Extracted entries:
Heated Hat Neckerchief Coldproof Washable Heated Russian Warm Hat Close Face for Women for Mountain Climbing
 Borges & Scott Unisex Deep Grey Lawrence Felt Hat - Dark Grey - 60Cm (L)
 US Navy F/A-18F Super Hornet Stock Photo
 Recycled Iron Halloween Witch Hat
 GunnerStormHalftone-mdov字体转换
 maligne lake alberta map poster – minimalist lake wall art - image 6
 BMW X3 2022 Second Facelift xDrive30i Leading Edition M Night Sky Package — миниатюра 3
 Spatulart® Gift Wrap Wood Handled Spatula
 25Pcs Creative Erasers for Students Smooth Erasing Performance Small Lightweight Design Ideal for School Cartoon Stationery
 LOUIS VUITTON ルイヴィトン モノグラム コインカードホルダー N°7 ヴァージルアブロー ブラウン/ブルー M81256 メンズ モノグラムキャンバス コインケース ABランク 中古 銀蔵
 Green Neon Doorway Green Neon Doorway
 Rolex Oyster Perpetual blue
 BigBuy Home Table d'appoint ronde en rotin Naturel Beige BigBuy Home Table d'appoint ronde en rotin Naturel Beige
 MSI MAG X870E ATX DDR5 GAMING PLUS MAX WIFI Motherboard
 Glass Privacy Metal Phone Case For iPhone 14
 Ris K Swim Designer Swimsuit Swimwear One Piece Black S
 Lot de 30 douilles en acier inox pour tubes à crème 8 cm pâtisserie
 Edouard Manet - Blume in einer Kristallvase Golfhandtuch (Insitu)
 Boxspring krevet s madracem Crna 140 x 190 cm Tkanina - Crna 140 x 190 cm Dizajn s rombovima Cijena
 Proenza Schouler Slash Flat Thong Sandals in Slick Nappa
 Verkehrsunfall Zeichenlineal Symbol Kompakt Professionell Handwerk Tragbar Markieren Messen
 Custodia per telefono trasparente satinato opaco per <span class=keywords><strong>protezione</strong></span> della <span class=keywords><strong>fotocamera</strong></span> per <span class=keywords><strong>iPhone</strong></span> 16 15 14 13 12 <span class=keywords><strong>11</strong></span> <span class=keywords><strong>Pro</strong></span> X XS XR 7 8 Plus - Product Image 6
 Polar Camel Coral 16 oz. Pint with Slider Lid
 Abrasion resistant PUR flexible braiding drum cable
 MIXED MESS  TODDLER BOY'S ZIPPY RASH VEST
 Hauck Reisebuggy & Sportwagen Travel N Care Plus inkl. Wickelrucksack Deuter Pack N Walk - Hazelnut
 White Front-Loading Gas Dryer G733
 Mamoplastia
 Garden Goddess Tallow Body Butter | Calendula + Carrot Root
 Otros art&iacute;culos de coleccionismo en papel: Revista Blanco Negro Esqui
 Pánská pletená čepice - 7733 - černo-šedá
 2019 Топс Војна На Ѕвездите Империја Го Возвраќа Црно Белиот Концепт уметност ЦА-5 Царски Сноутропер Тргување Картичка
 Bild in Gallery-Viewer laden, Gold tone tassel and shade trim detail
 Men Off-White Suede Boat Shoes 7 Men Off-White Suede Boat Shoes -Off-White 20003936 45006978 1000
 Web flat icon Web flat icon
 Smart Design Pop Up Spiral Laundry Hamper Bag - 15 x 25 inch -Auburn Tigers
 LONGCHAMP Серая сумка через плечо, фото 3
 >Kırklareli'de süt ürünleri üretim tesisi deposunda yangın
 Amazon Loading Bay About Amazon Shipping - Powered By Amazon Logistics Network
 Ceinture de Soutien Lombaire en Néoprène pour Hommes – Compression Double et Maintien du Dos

Action item: Could you write out, exactly, each line of the data above from the one containing "LONGCHAMP Серая сумка через плечо, фото 3" through the last, including both?

Exercise output:
 LONGCHAMP Серая сумка через плечо, фото 3
 >Kırklareli'de süt ürünleri üretim tesisi deposunda yangın
 Amazon Loading Bay About Amazon Shipping - Powered By Amazon Logistics Network
 Ceinture de Soutien Lombaire en Néoprène pour Hommes – Compression Double et Maintien du Dos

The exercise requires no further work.